Executive Interview Series: Jeff Plagge

Professional headshot of Jeff Plagge.

The .Bank Executive Interview Series is our way of sharing the wisdom and insights from some of the most important minds in cybersecurity, networking technology, and banking

This interview with Jeff Plagge is an illuminating glimpse into the world of agricultural banking and state banking regulation.

For more than 40 years, Jeff has helped lead the Iowa banking community—including serving as the Iowa Superintendent of Banking from 2019 to 2023, where he oversaw the regulation of over 240 state-chartered institutions. He has also served as the Chairman of the American Bankers Association (ABA) and the Iowa Bankers Association (IBA). 

Although he describes himself as a “horrible retiree,” the deeper truth is that Jeff has a staunch love for community banking and the role that it plays in the economy of Iowa. 

We’re beyond pleased to add Jeff’s voice to our roster of banking and cybersecurity executive interviews, including: 

This interview has been edited for conciseness and readability. We hope you enjoy it. And don’t forget to check back here for future interviews with other leaders in the space. 

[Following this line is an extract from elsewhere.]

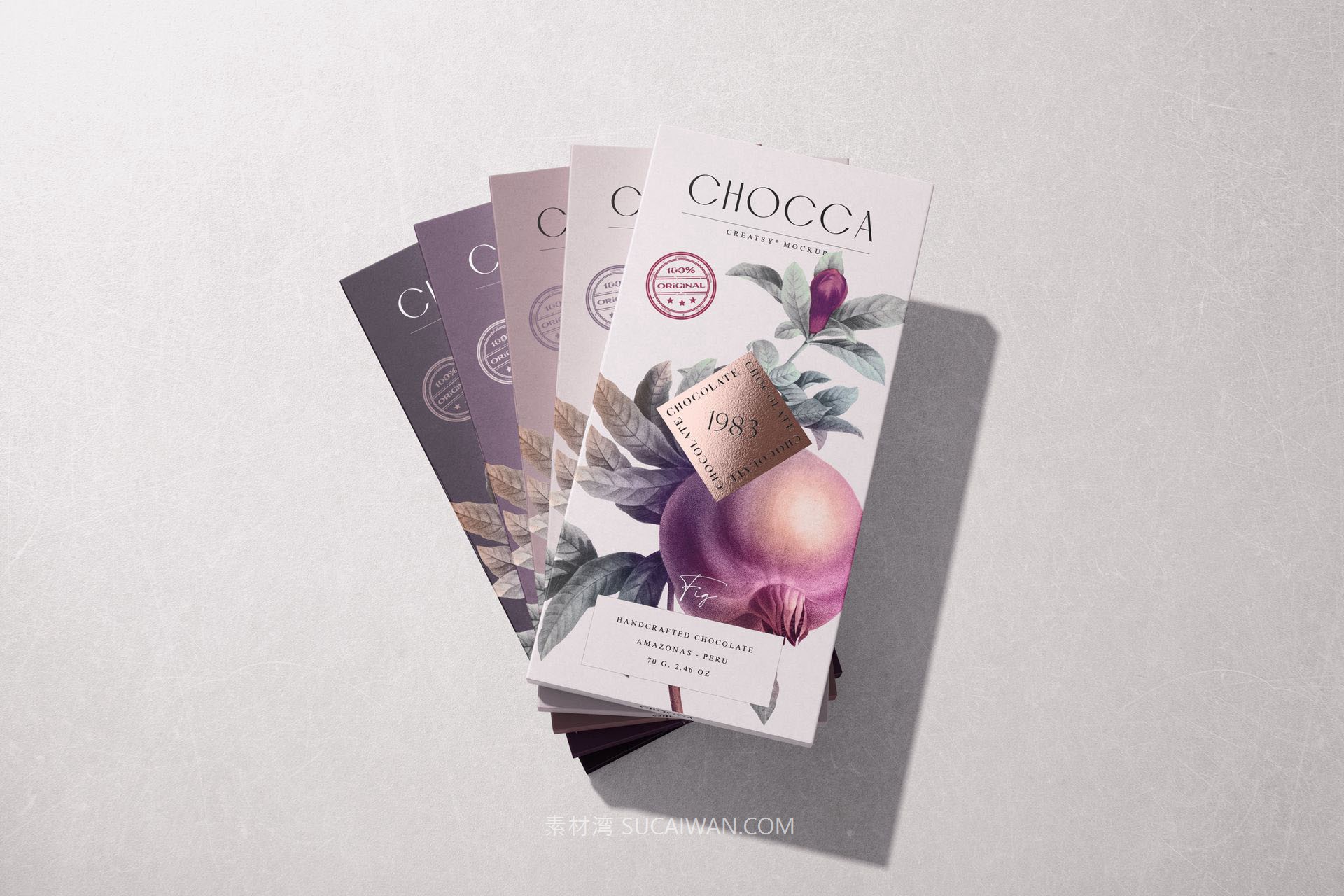 7款精致零食糖果巧克力棒包装盒设计展示PS样机模板素材 Chocolate Bar Packaging Mockup Set v.2 by Creatsy , 第7张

Sowing the Seeds of a Future in Banking

Q: Can you share some of the defining moments of your early career in banking?

I grew up on a farm in central Iowa with a plan to return to farming after college. However, when my older brother decided to return to the family operation first, there simply wasn’t room for two.

I joke that back then, with an agricultural business degree from Iowa State, you could sell feed, fertilizer, money, or go home and farm. I decided selling money sounded much better than selling fertilizer.

I started with the Farm Credit System in 1978, quickly moving into a branch manager role in Council Bluffs, IA.

In 1984, I was working as a Regional Manager for PCA in Webster City and a local bank CEO approached me to become their chief credit officer, marking my first official entry into commercial banking. Looking back, I now appreciate that every banking and industry volunteer position I held—from the Ag Committee at the ABA to the board of the Chicago Fed—prepared me for the next.

Q: What advice would you give to a young person considering a career in banking today? 

I look back at myself and say, “How does some of this stuff even happen?”

My parents were farmers, and my dad was very entrepreneurial. So, he started several different businesses as well as his farming career. I have three brothers and a sister, and all of us were naturally entrepreneurial in our own rights. 

I was always curious and had a good work ethic, and I was willing to raise my hand if somebody needed something, whether it was in a volunteer capacity in the community or within the bank itself. I did a lot of activities outside of banking, but banking was my career and my hobby. 

One of my early and most eye-opening experiences was my first ABA committee meeting. Being from central Iowa, I expected to talk about corn, soybeans, cattle, and hogs. Instead, 70% of the meeting was about water and grazing rights. It hit me like a bolt of lightning that the world was much bigger than my hometown. 

So the thing I tell young people is, “Don’t be afraid to raise your hand.” Even if it’s in an area where you don’t think you have much knowledge, you’ll learn a lot. And even more importantly, you’ll meet some really great people along the way who are experts in that field.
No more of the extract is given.